Acumularam uns tostões ao longo de uma vida de trabalho e, naquele maldito dia, resolveram confiar o mealheiro ao gestor de conta do BES, esse indivíduo fatal que lhes garantia, qual vendedor de feira, um produto maravilhoso. Este papel comercial é à confiança, dizia ele, tem uma rentabilidade estupenda e a marca BES, cento e cinquenta anos de seriedade, etc. E assim foi: confiaram no nome, depositaram a vida no apelido que sugava o ar das salas onde entrava, assinaram de cruz um papel que exalava o perfume oitocentista da aristocracia. Mal eles sabiam que o tal nome, Espírito Santo, cairia em desgraça pouco tempo depois. Mal eles sabiam que essa queda babilónica levaria consigo as tais poupanças de uma vida. Mal eles sabiam que o apelido esfíngico de outrora nem para uma churrascaria serviria, quanto mais para um banco. Mal eles sabiam que o responsável máximo pelo colapso nunca teria a gentileza de pelo menos pedir desculpa.

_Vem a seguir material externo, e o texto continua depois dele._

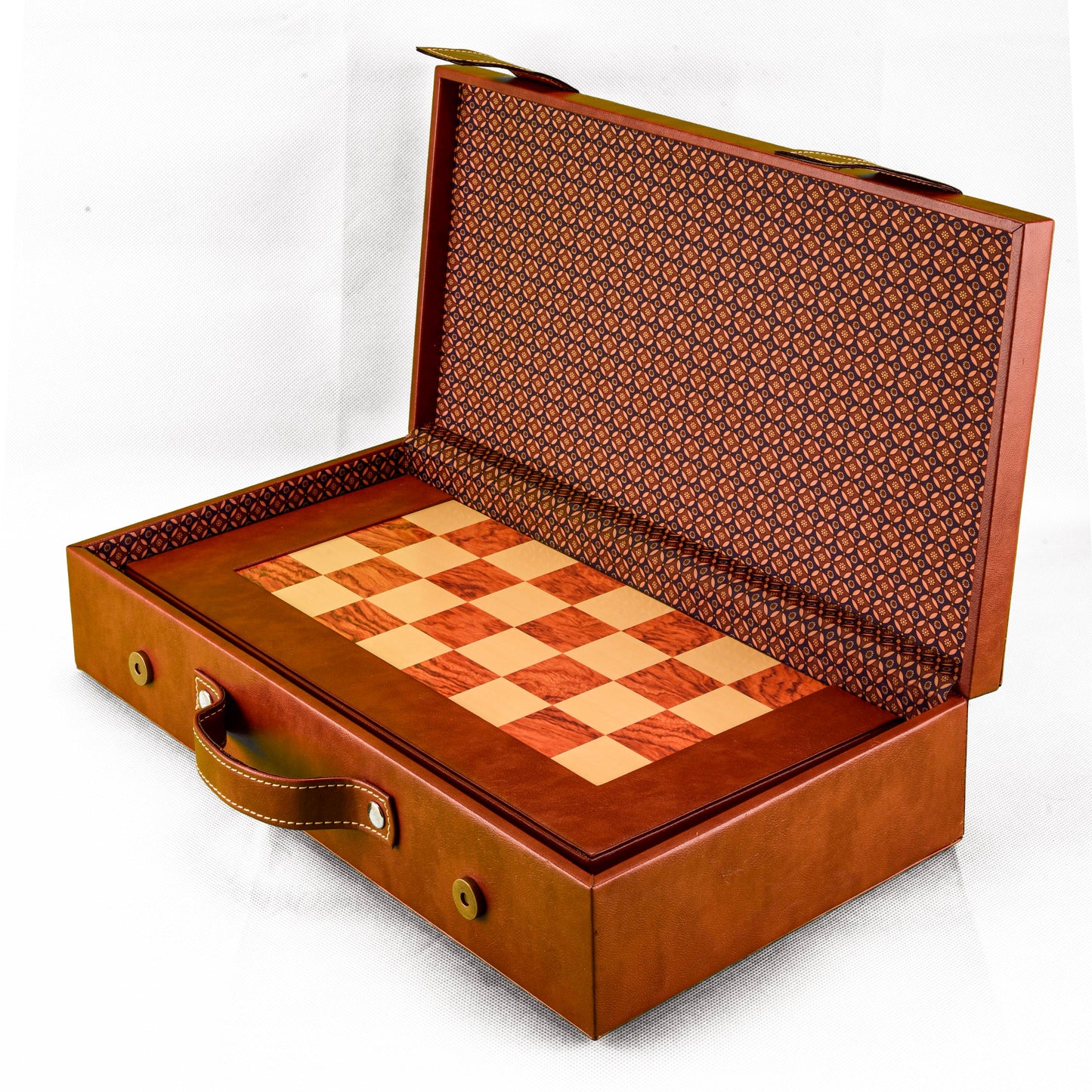 Ajedrez de Madera Grande con Estuche
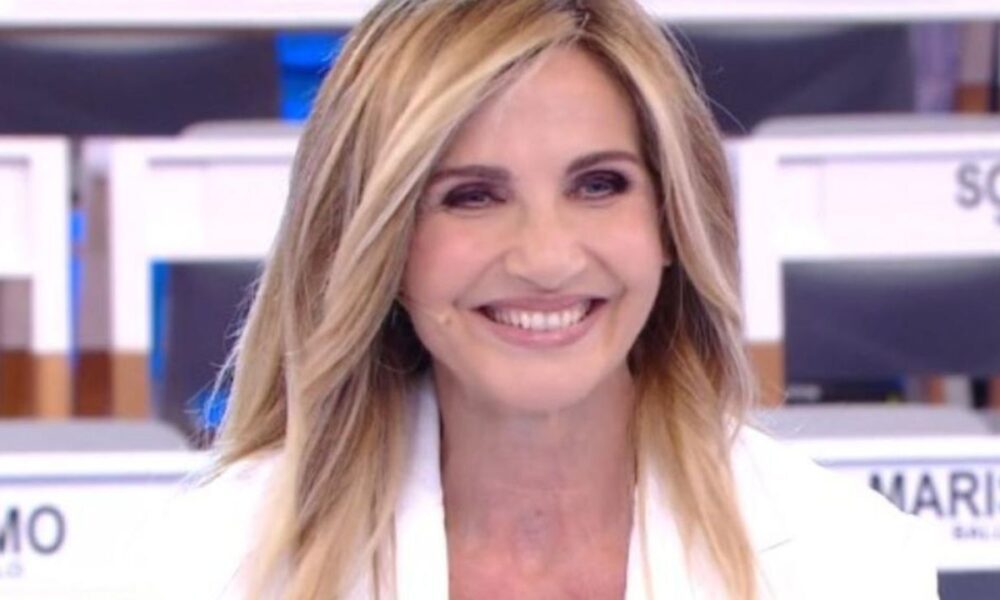 Lorella Cuccarini e il no alla Rai: “Ad Amici mi sento come in famiglia”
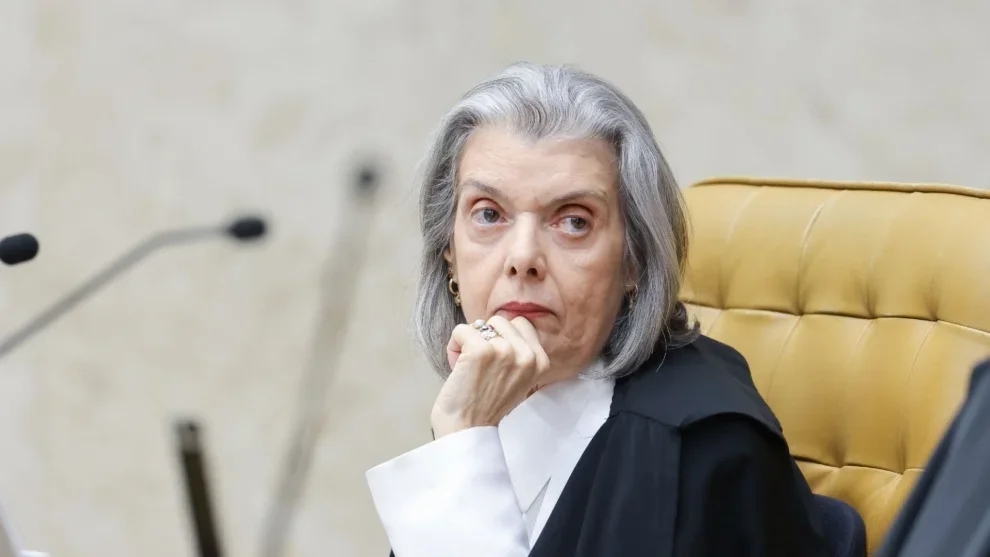Cármen barra licença-paternidade de 120 dias a procurador da Fazenda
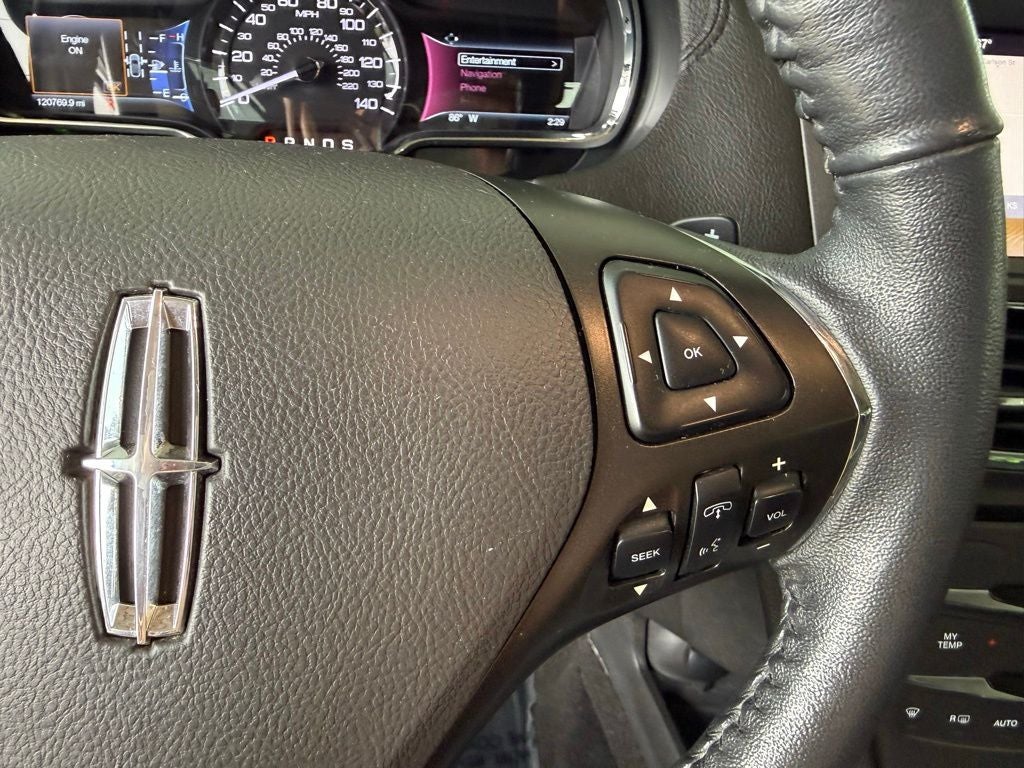 2019 Lincoln MKT Standard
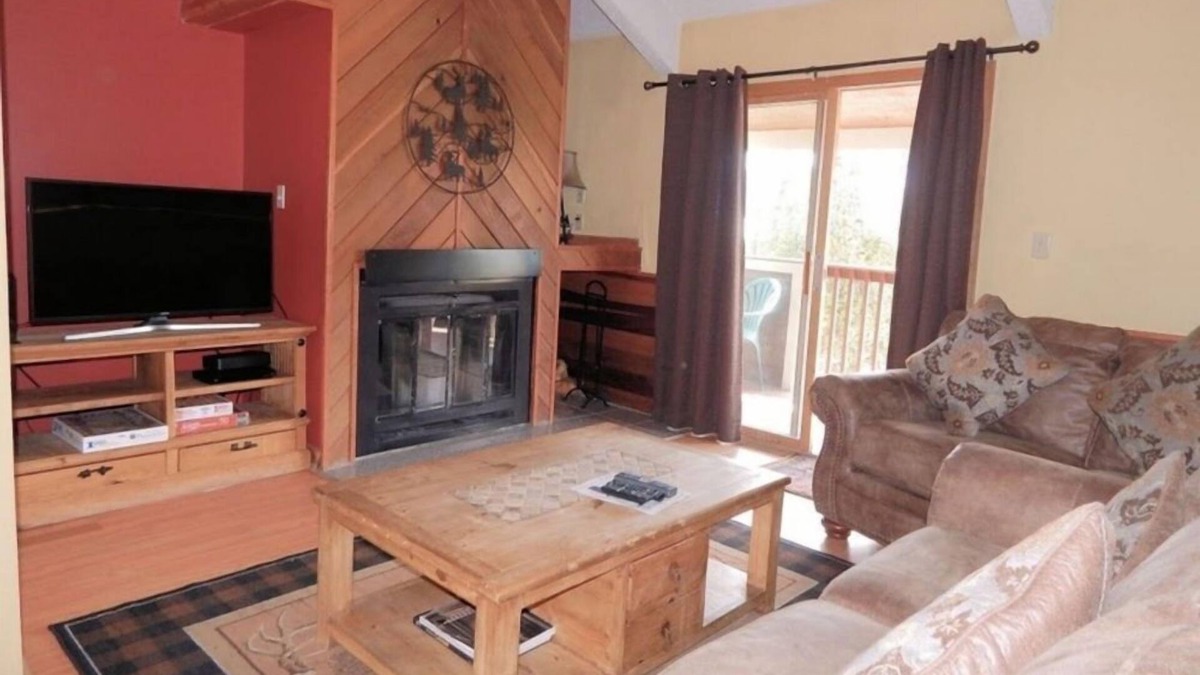 Historic District House | Rockridge Private 2BR Townhouse with Mountain Views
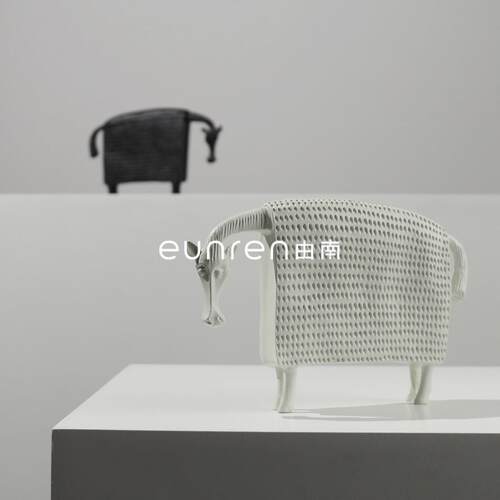 新款直销简约现代创意装饰马家居客厅工艺品摆件电视柜样板房间售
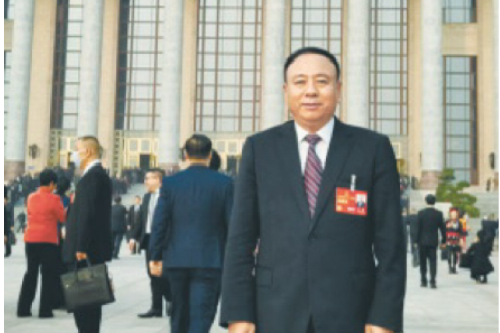 全国人大代表、九洲集团董事长李寅：提高微电网利用率 推动能源结构转型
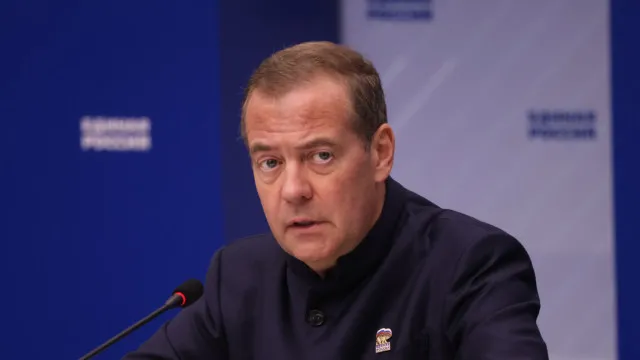 
                    Medvedev defende controlo da Nestlé e Auchan: 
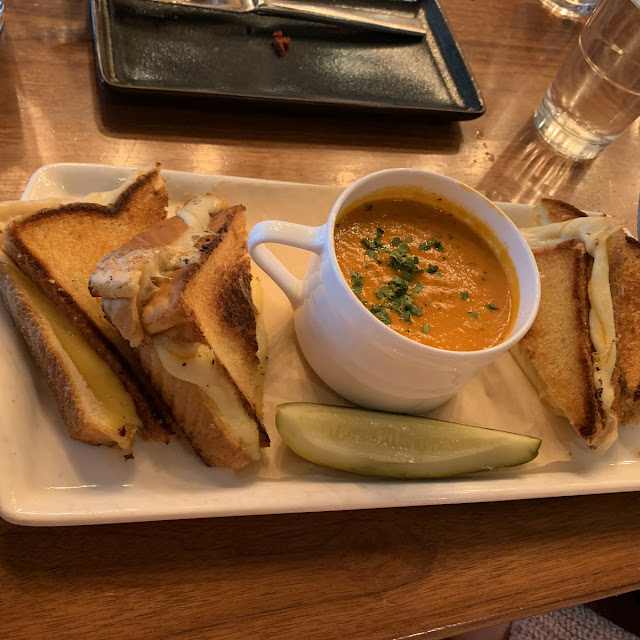 Grilled Cheese with Bacon & Tomato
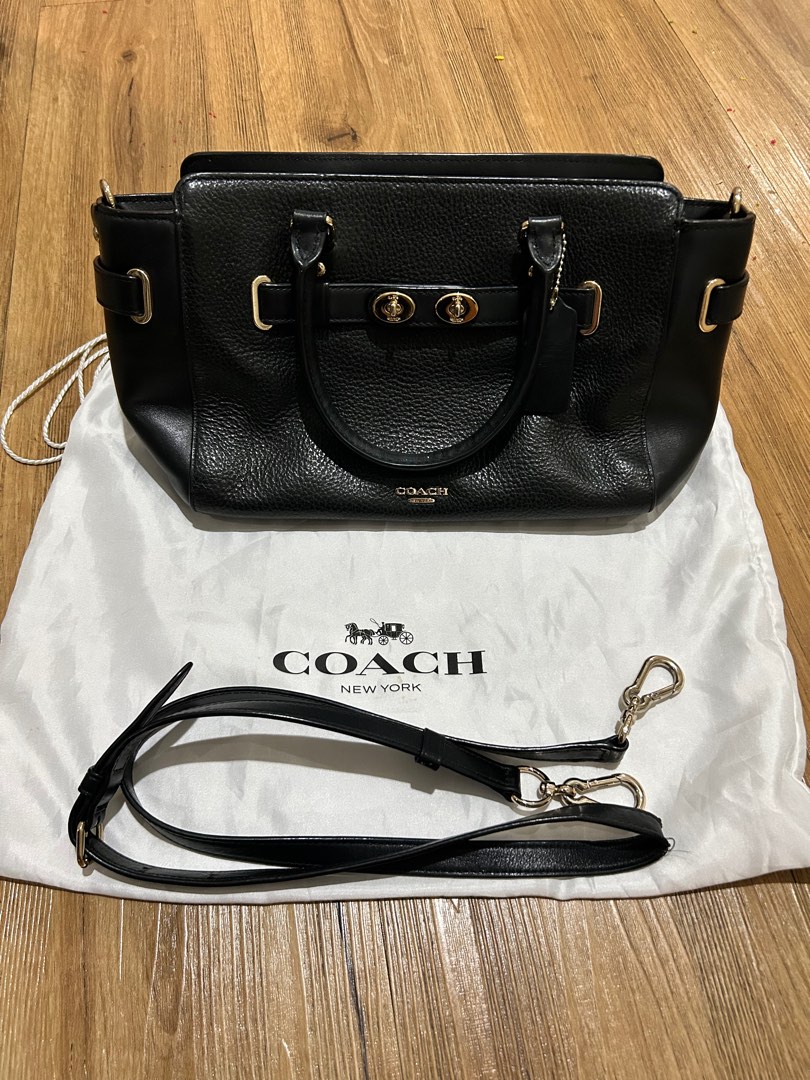 Tas coach original hitam, Barang Mewah, Tas & Dompet di Carousell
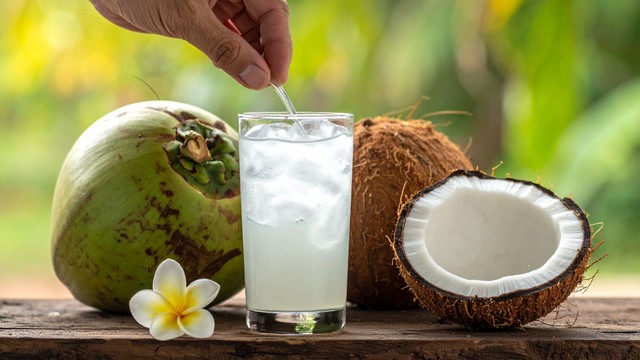 Dư ối có nên uống nước dừa không? Hướng dẫn an toàn cho mẹ bầu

Uma multidão de pequenos investidores vive no desespero porque perdeu tudo o que tinha, mas Ricardo Salgado só está preocupado com a reputação do nome Espírito Santo

E não faltaram ocasiões para Ricardo Salgado Espírito Santo pedir desculpa. Só no parlamento, já teve pelo menos duas chances para pedir perdão às pessoas que foram de facto enganadas pelo BES. Mas esse pedido de desculpas não chegou, nem vai chegar. Ricardo Salgado Espírito Santo recusa pedir desculpa, porque semelhante ato abriria as portas a uma confissão de – pelo menos – incompetência. E o brilhantíssimo Ricardo Salgado Espírito Santo nunca admitiria fraqueza tão humana, tão poucochinha, tão possidónia.

Além de não admitir erros, além de recusar ajoelhar-se perante as pessoas que foram roubadas pelo seu Banco, Ricardo Salgado ainda tem tempo para sentir incómodo com a evolução semântica do BES. “Chamar banco mau ao Banco Espírito Santo é como dar-me facadas”, diz. Confesso que não encontro na língua portuguesa adjetivos (publicáveis) com capacidade para descrever este grau de amoralidade: uma multidão de pequenos investidores vive no desespero porque perdeu tudo o que tinha, mas Ricardo Salgado só está preocupado com a reputação do nome Espírito Santo. Num ato de misericórdia, julgo que devíamos ajudar o Dr. Ricardo Salgado Espírito Santo a perceber uma coisa: com ou sem ringfencing, o nome Espírito Santo já é junk bond.